[PROBLEM STATEMENT]
Every entry must be transcribed exactly. Pictures are not part of the copy.
------------------------------------------------------------
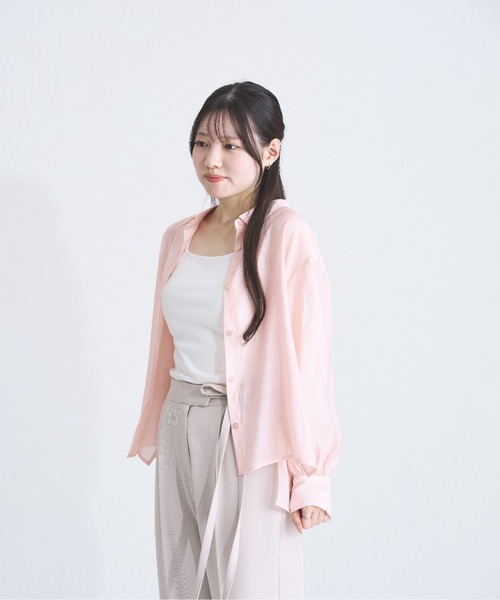 MISCH MASCH(ミッシュマッシュ)の「ZOZO限定 シアーカラーシャツ(シャツ/ブラウス・レディース・ブルー/ピンク/ベージュ・フリ-)」の4枚目の写真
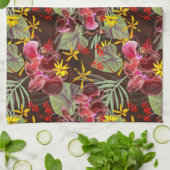 Linge De Cuisine Orchidées rouges. (Plié)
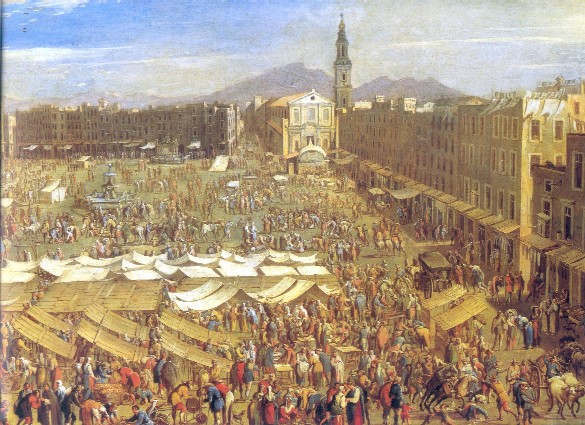 Piazza del Mercato in Naples, Italy (painting thought to be by Domenico Gargiulo and dated about 1654)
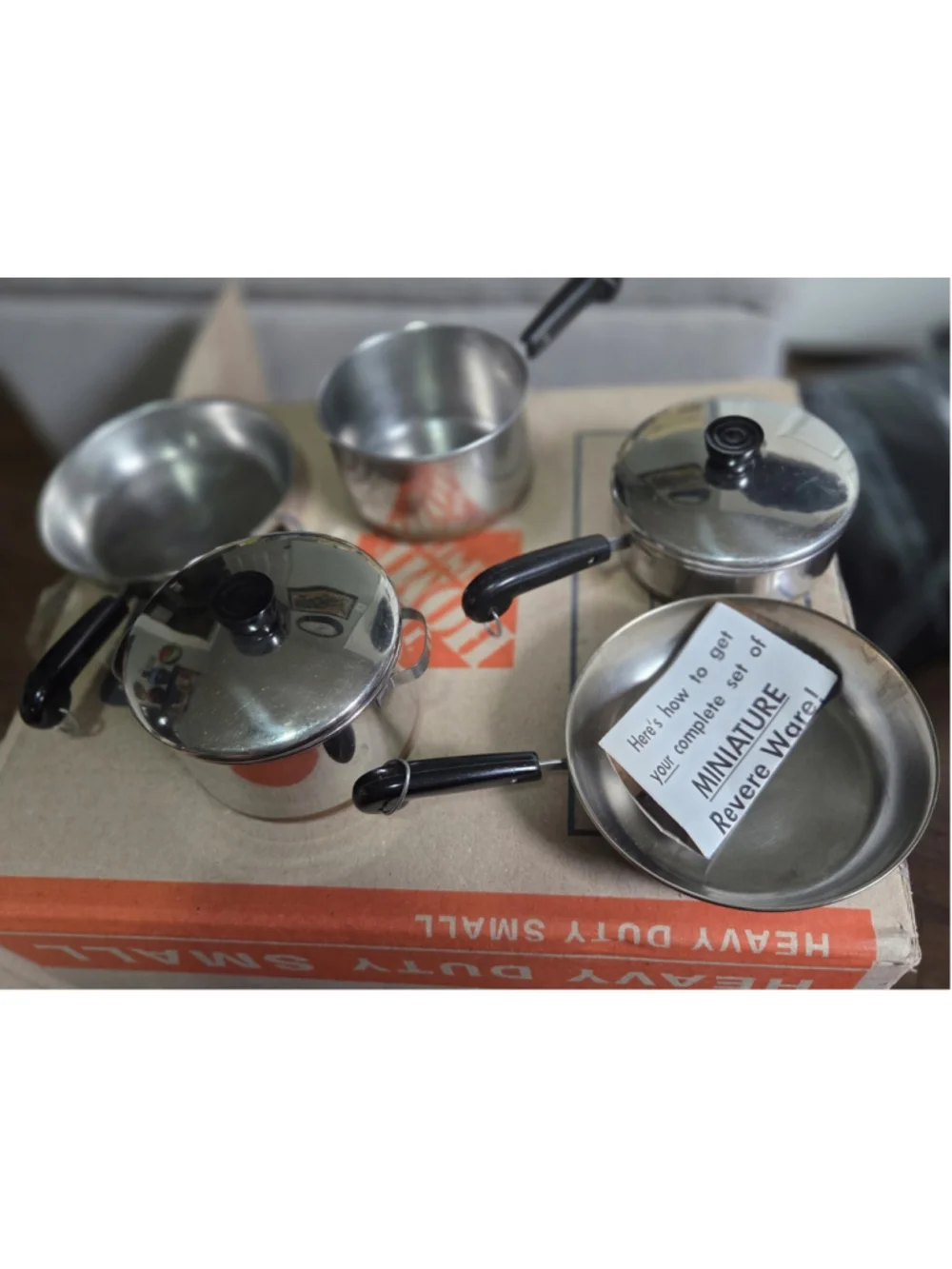 Vintage Revere Ware Miniature Copper Clad Cookware 5 Piece Lot 2 Lids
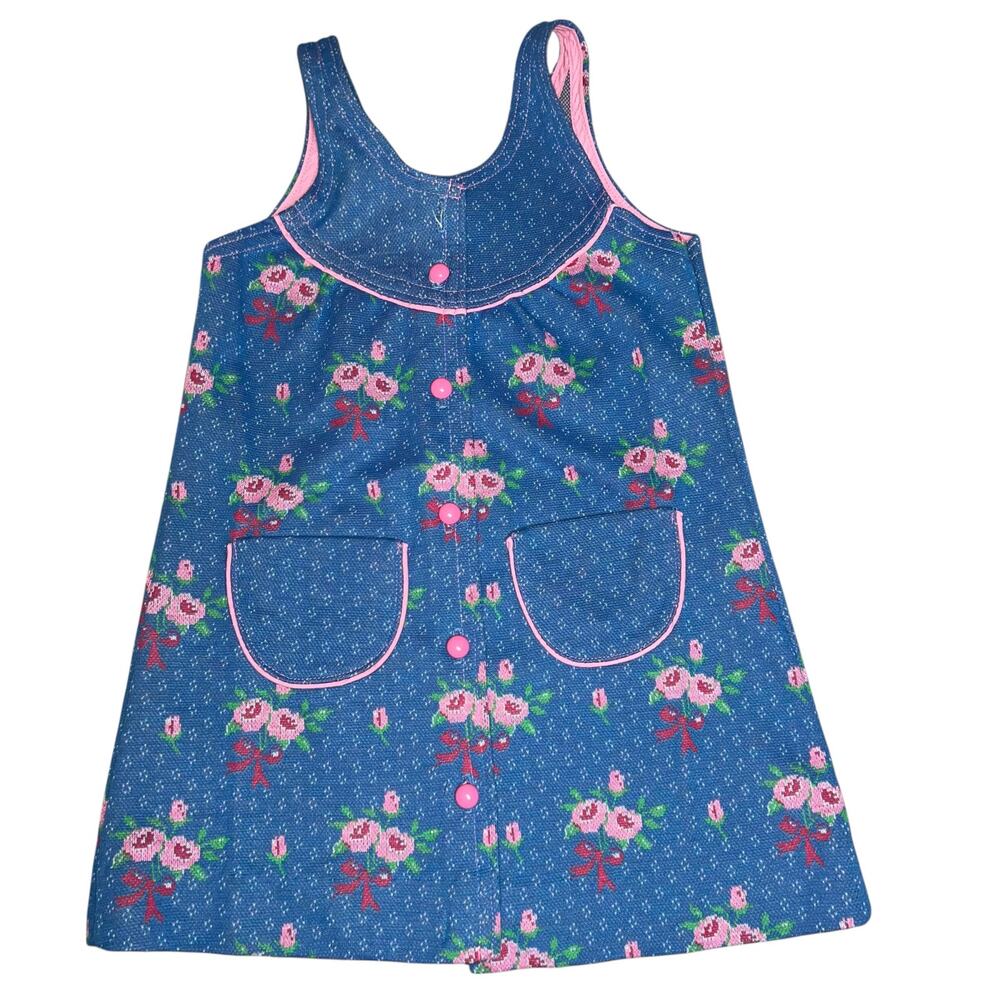 Carter's 70s vintage blue and pink floral cottage button front dress girls  5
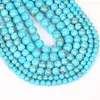 Pärlor 6/8/10mm Natural Blue Gold Line Turquoises Stone Round Loose For Jewelry Making DIY Necklace Armband Accessory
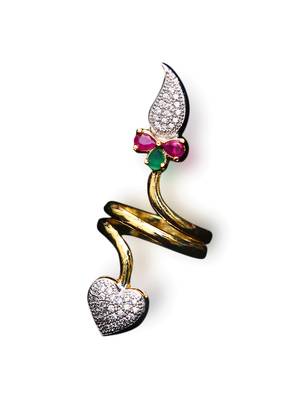 Multicolor gold plated antique gold Copper   Ring 1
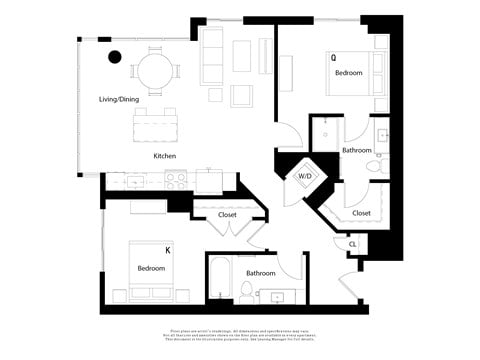 Floor plan for 2 beds, 2 baths, 1138 sqft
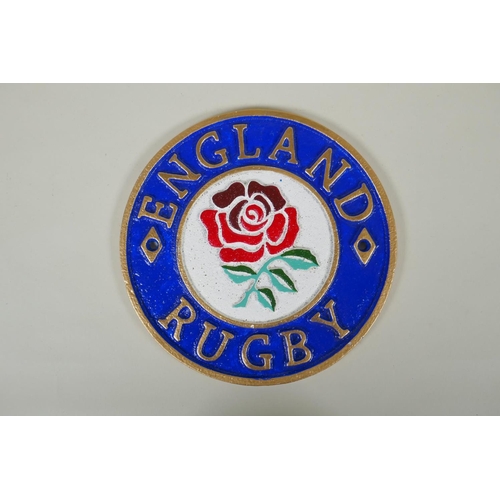 184 - A 'England Rugby' painted cast iron wall plaque, 23cm diameter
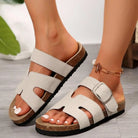 Open Toe Hollow Buckle Sandals - 6i6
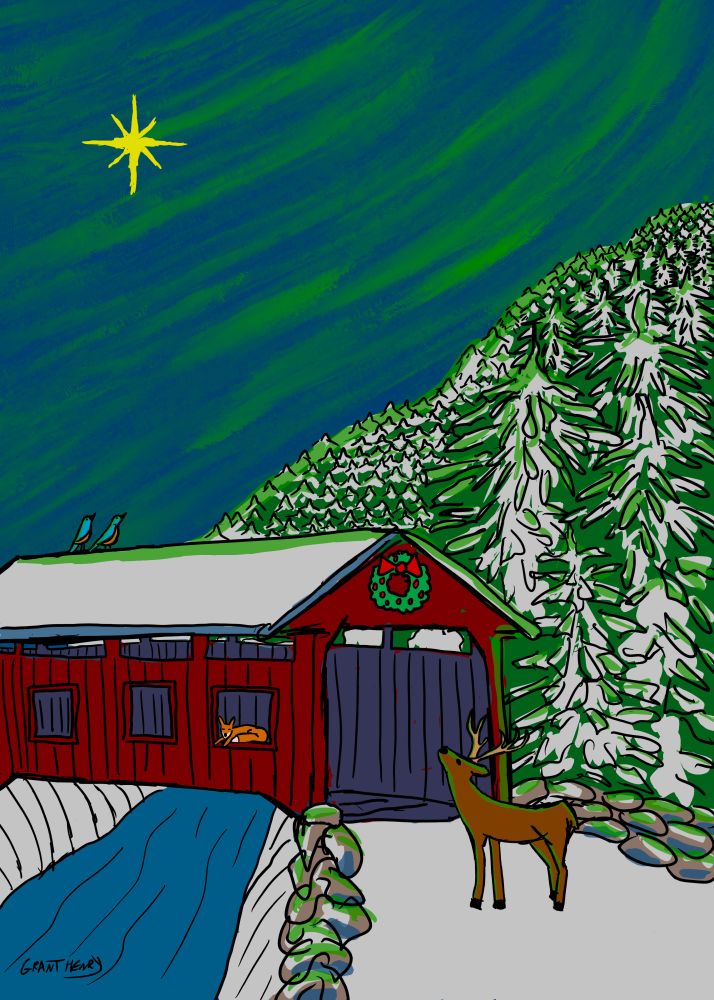Illustration of a covered bridge on a snowy mountain, various animals looking up at the sky that has the northern lights and the star of bethlehem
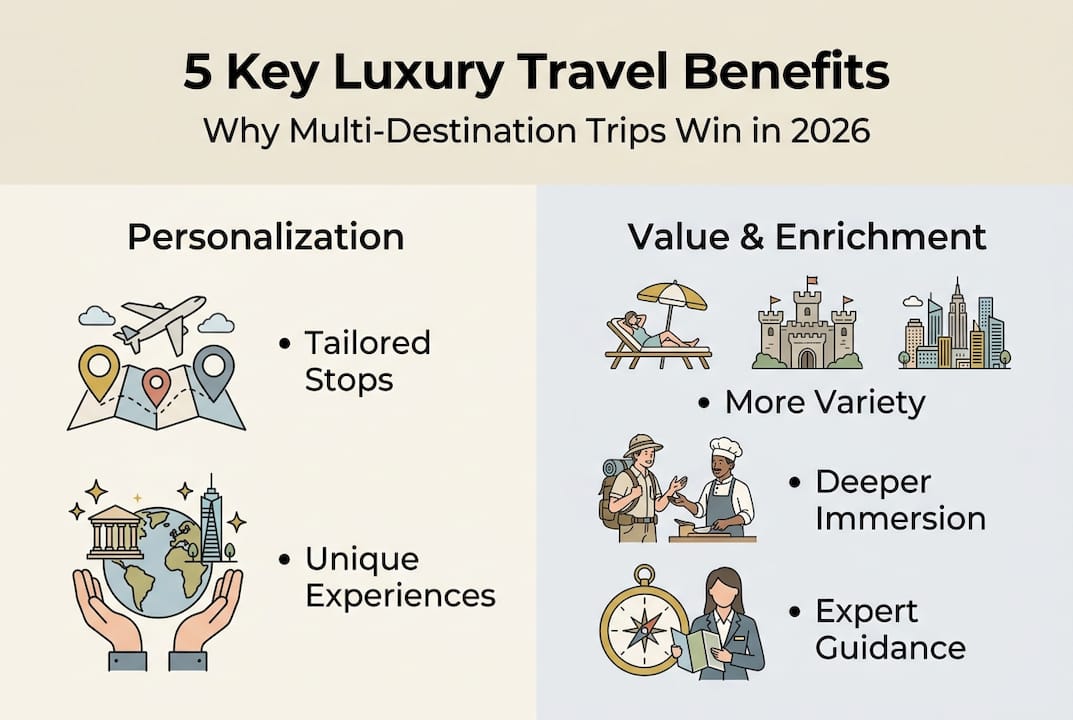 Infographic summarizing luxury travel benefits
------------------------------------------------------------
[ANSWER FOR THIS EXERCISE]
 MISCH MASCH(ミッシュマッシュ)の「ZOZO限定 シアーカラーシャツ(シャツ/ブラウス・レディース・ブルー/ピンク/ベージュ・フリ-)」の4枚目の写真
 Linge De Cuisine Orchidées rouges. (Plié)
 Piazza del Mercato in Naples, Italy (painting thought to be by Domenico Gargiulo and dated about 1654)
 Vintage Revere Ware Miniature Copper Clad Cookware 5 Piece Lot 2 Lids
 Carter's 70s vintage blue and pink floral cottage button front dress girls  5
 Pärlor 6/8/10mm Natural Blue Gold Line Turquoises Stone Round Loose For Jewelry Making DIY Necklace Armband Accessory
 Multicolor gold plated antique gold Copper   Ring 1
 Floor plan for 2 beds, 2 baths, 1138 sqft
 184 - A 'England Rugby' painted cast iron wall plaque, 23cm diameter
 Open Toe Hollow Buckle Sandals - 6i6
Illustration of a covered bridge on a snowy mountain, various animals looking up at the sky that has the northern lights and the star of bethlehem
 Infographic summarizing luxury travel benefits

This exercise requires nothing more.